(Web page caption snippets)

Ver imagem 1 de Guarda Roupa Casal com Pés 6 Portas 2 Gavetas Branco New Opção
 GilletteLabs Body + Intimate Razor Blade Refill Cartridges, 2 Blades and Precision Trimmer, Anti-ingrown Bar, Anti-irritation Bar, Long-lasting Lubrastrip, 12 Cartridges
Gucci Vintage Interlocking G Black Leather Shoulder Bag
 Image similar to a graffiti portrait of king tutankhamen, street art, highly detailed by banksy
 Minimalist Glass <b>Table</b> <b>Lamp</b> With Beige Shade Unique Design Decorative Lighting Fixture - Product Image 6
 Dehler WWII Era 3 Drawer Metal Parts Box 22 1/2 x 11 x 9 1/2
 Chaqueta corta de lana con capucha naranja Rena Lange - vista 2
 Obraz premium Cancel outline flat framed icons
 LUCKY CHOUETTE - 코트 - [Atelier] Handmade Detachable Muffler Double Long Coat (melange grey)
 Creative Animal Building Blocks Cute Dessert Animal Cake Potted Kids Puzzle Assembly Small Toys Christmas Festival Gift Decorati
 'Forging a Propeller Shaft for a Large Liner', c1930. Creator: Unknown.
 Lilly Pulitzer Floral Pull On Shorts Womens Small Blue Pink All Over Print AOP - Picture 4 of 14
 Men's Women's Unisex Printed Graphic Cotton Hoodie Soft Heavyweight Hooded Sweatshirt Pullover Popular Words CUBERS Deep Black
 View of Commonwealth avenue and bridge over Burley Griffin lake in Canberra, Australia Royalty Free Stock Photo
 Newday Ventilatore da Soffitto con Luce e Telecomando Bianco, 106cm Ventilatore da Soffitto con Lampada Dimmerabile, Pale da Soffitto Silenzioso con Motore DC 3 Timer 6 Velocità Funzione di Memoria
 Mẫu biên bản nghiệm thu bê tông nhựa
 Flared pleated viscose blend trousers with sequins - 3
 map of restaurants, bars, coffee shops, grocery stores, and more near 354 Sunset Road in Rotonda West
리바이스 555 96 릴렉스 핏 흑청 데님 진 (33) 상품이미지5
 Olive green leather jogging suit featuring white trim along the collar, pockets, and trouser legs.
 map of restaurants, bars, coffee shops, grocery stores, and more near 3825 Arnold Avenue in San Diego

Assignment:
Copy out the data exactly as it stands, leaving nothing out.

Solved exercise:
Ver imagem 1 de Guarda Roupa Casal com Pés 6 Portas 2 Gavetas Branco New Opção
 GilletteLabs Body + Intimate Razor Blade Refill Cartridges, 2 Blades and Precision Trimmer, Anti-ingrown Bar, Anti-irritation Bar, Long-lasting Lubrastrip, 12 Cartridges
Gucci Vintage Interlocking G Black Leather Shoulder Bag
 Image similar to a graffiti portrait of king tutankhamen, street art, highly detailed by banksy
 Minimalist Glass <b>Table</b> <b>Lamp</b> With Beige Shade Unique Design Decorative Lighting Fixture - Product Image 6
 Dehler WWII Era 3 Drawer Metal Parts Box 22 1/2 x 11 x 9 1/2
 Chaqueta corta de lana con capucha naranja Rena Lange - vista 2
 Obraz premium Cancel outline flat framed icons
 LUCKY CHOUETTE - 코트 - [Atelier] Handmade Detachable Muffler Double Long Coat (melange grey)
 Creative Animal Building Blocks Cute Dessert Animal Cake Potted Kids Puzzle Assembly Small Toys Christmas Festival Gift Decorati
 'Forging a Propeller Shaft for a Large Liner', c1930. Creator: Unknown.
 Lilly Pulitzer Floral Pull On Shorts Womens Small Blue Pink All Over Print AOP - Picture 4 of 14
 Men's Women's Unisex Printed Graphic Cotton Hoodie Soft Heavyweight Hooded Sweatshirt Pullover Popular Words CUBERS Deep Black
 View of Commonwealth avenue and bridge over Burley Griffin lake in Canberra, Australia Royalty Free Stock Photo
 Newday Ventilatore da Soffitto con Luce e Telecomando Bianco, 106cm Ventilatore da Soffitto con Lampada Dimmerabile, Pale da Soffitto Silenzioso con Motore DC 3 Timer 6 Velocità Funzione di Memoria
 Mẫu biên bản nghiệm thu bê tông nhựa
 Flared pleated viscose blend trousers with sequins - 3
 map of restaurants, bars, coffee shops, grocery stores, and more near 354 Sunset Road in Rotonda West
리바이스 555 96 릴렉스 핏 흑청 데님 진 (33) 상품이미지5
 Olive green leather jogging suit featuring white trim along the collar, pockets, and trouser legs.
 map of restaurants, bars, coffee shops, grocery stores, and more near 3825 Arnold Avenue in San Diego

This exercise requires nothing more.